● **Instructions to follow**
Starting with the first line of the listing, quote each line exactly until and including the one with "The kitchen is", leaving pictures out.

=== Begin Enclosure ===

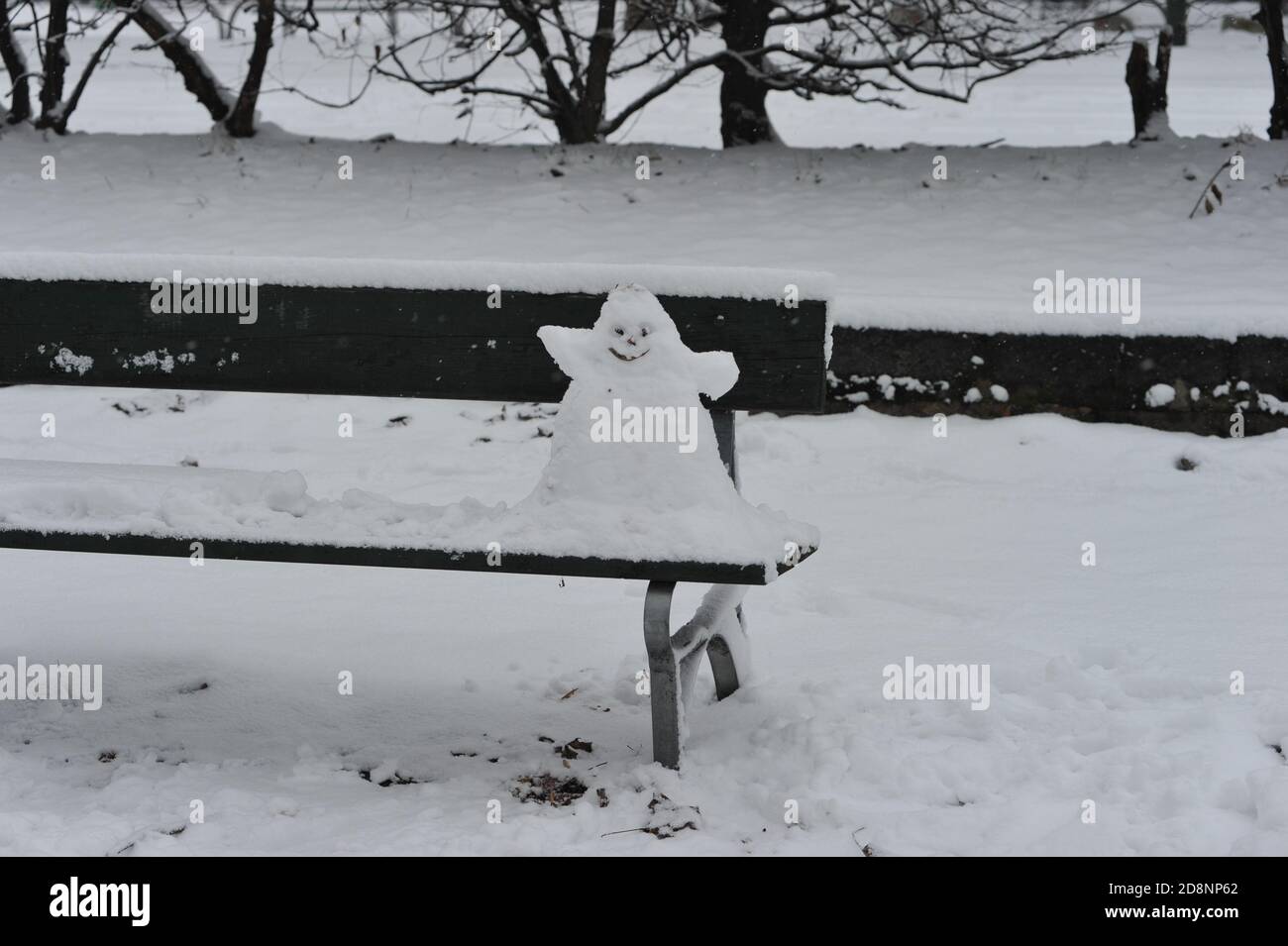 Kleiner und seltsamer Schneemann auf einer Bank Stockfoto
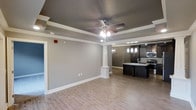 This well-appointed single-floor space showcases a thoughtfully designed open-concept layout that seamlessly connects the living area to the kitchen. The living space is defined by an elegant tray ceiling with a decorative border, complemented by a ceiling fan with integrated lighting. Light-toned hardwood flooring runs throughout, creating a warm and cohesive aesthetic. A decorative column with a classic pedestal base serves as a refined architectural detail, subtly delineating the living and kitchen areas without interrupting the open flow.

The kitchen is a standout feature, boasting rich dark cabinetry that provides a striking contrast against the neutral gray walls. A kitchen island with a sink anchors the space, while stylish pendant lights hang overhead to illuminate the workspace. A tile backsplash adds texture and visual interest, and stainless steel appliances complete the modern, functional setup. A globe chandelier in the transitional area between rooms adds an additional layer of ambient lighting and design character.

The neutral gray wall palette throughout creates a clean, contemporary backdrop that enhances the architectural details. The combination of tray ceilings, decorative columns, and carefully chosen fixtures gives this space a polished and inviting character suited for both everyday living and entertaining.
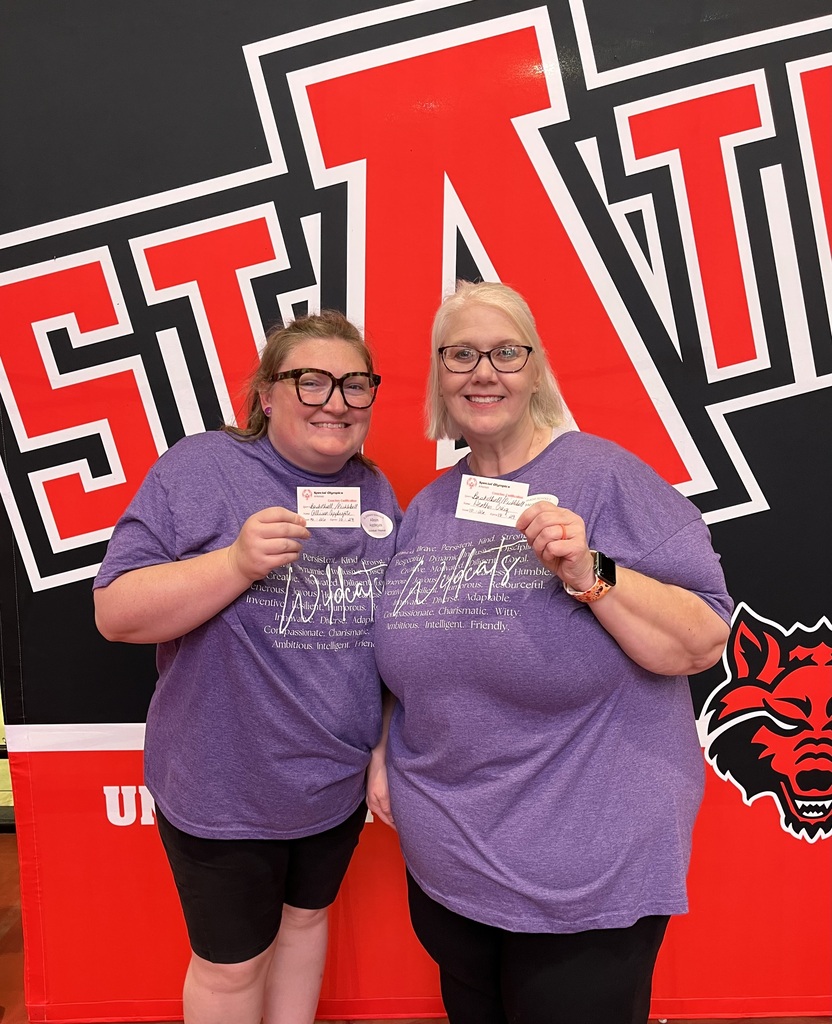 1. Heather Craig and Allison Applegate smile while holding their Special Olympics Arkansas basketball and pickleball certification cards in front of an Arkansas State University backdrop.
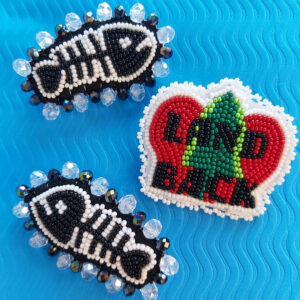 A Photo Of Hand-beaded Pins. Two Are Fish Skeletons, One Features A Three With 'LAND BACK' Beaded Across In Black.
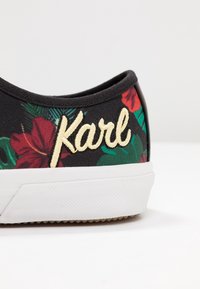 Mustat tennarit, joissa on kukkakuosi ja keltaisella kirjailtuna "Karl" valkoisen teksturoidun pohjan päällä valkoista taustaa vasten.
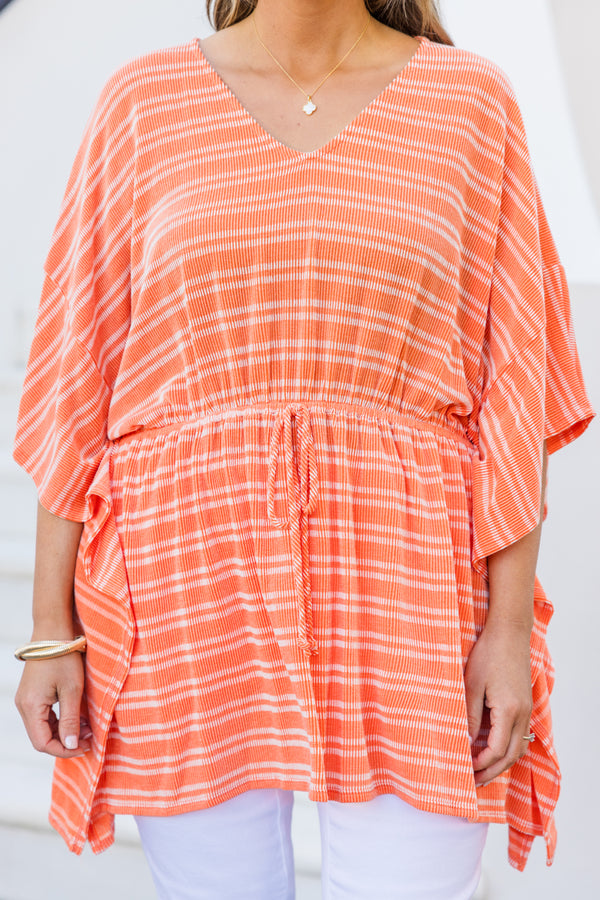 Chic Soul plus size clothing, orange short sleeve poncho top with cinched waist with tie detail with v neckline and flowy sleeves with white striped pattern
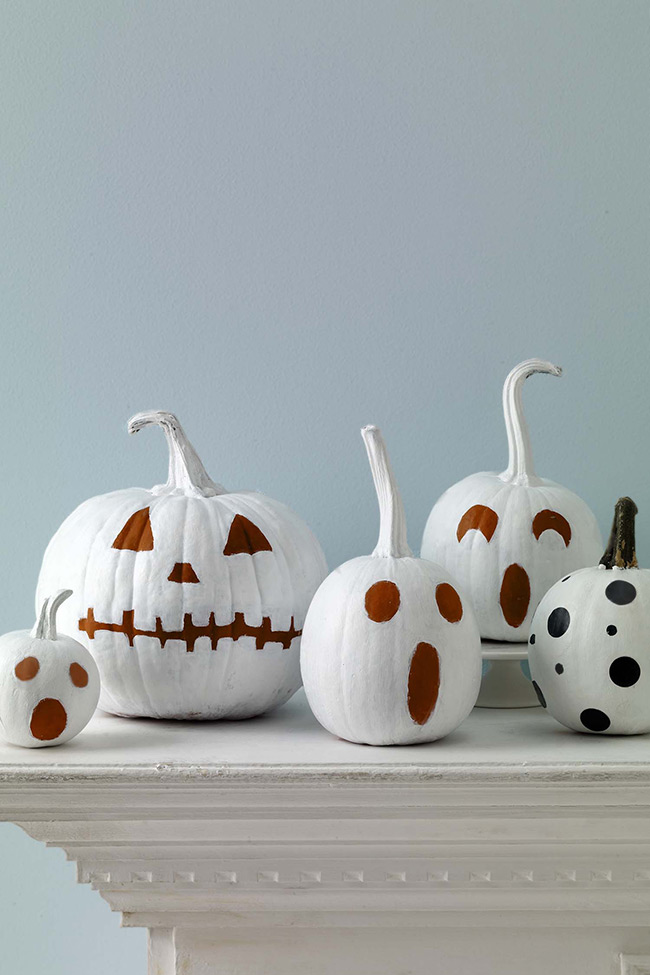These painted pumpkins because they are funny and simple! They used white paint as the base and then added easy brown and black shapes for surprised or scary faces on the white pumpkin. It’s a great idea for decorating with kids!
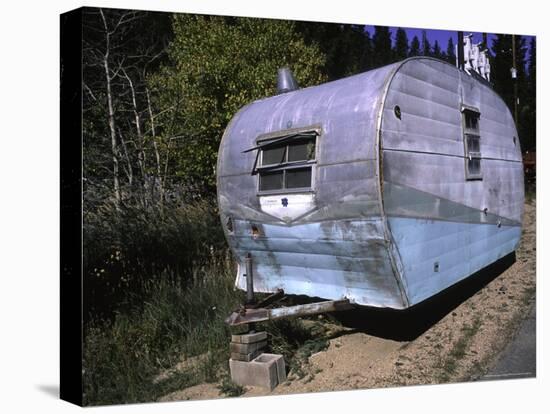 Old Camper at a Car Cemetery in Colorado-Michael Brown-Stretched Canvas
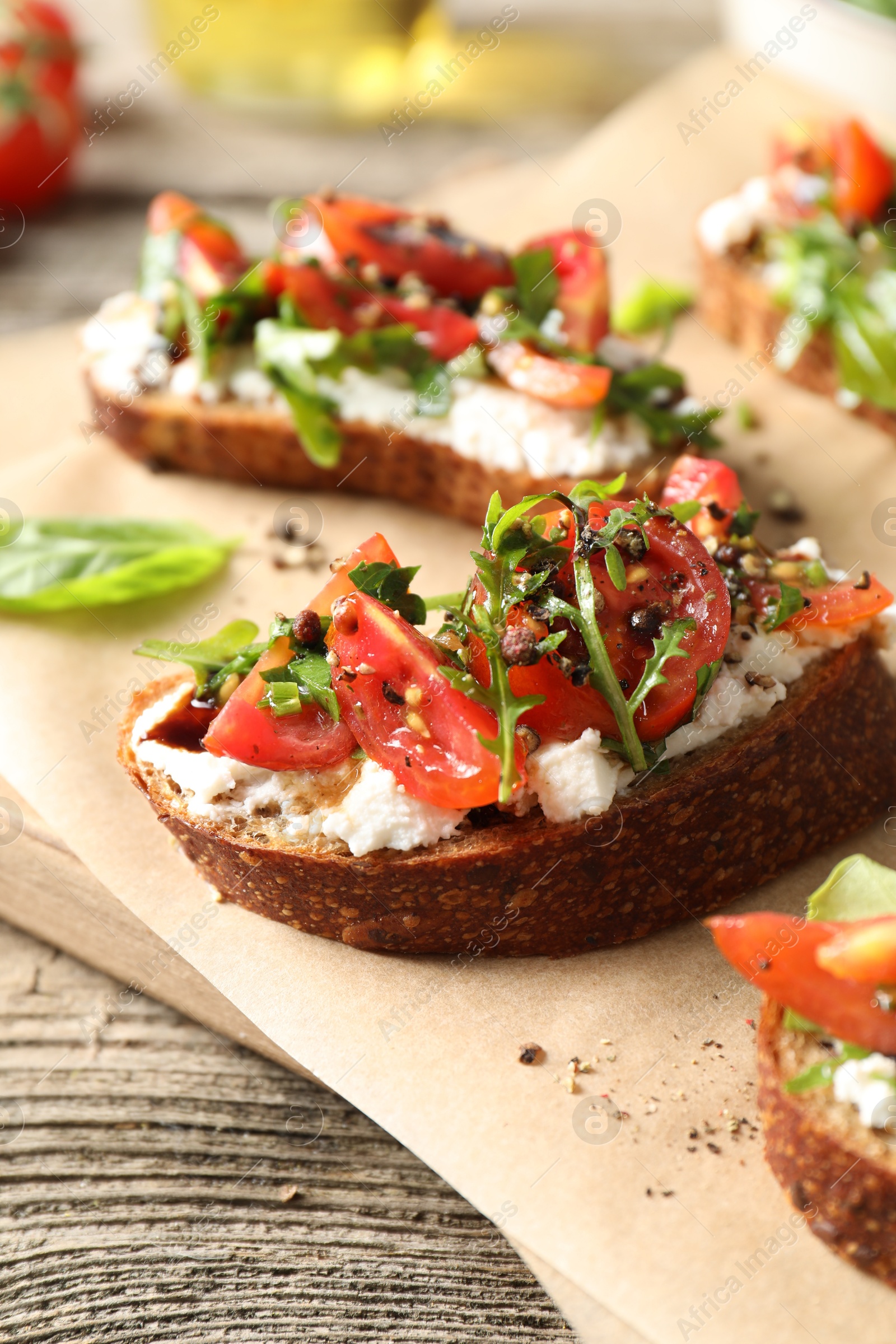 Photo of Delicious ricotta bruschettas with tomatoes, arugula and basil on wooden table, closeup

=== End Enclosure ===

● **Solution for this task**
 Kleiner und seltsamer Schneemann auf einer Bank Stockfoto
 This well-appointed single-floor space showcases a thoughtfully designed open-concept layout that seamlessly connects the living area to the kitchen. The living space is defined by an elegant tray ceiling with a decorative border, complemented by a ceiling fan with integrated lighting. Light-toned hardwood flooring runs throughout, creating a warm and cohesive aesthetic. A decorative column with a classic pedestal base serves as a refined architectural detail, subtly delineating the living and kitchen areas without interrupting the open flow.

The kitchen is a standout feature, boasting rich dark cabinetry that provides a striking contrast against the neutral gray walls. A kitchen island with a sink anchors the space, while stylish pendant lights hang overhead to illuminate the workspace. A tile backsplash adds texture and visual interest, and stainless steel appliances complete the modern, functional setup. A globe chandelier in the transitional area between rooms adds an additional layer of ambient lighting and design character.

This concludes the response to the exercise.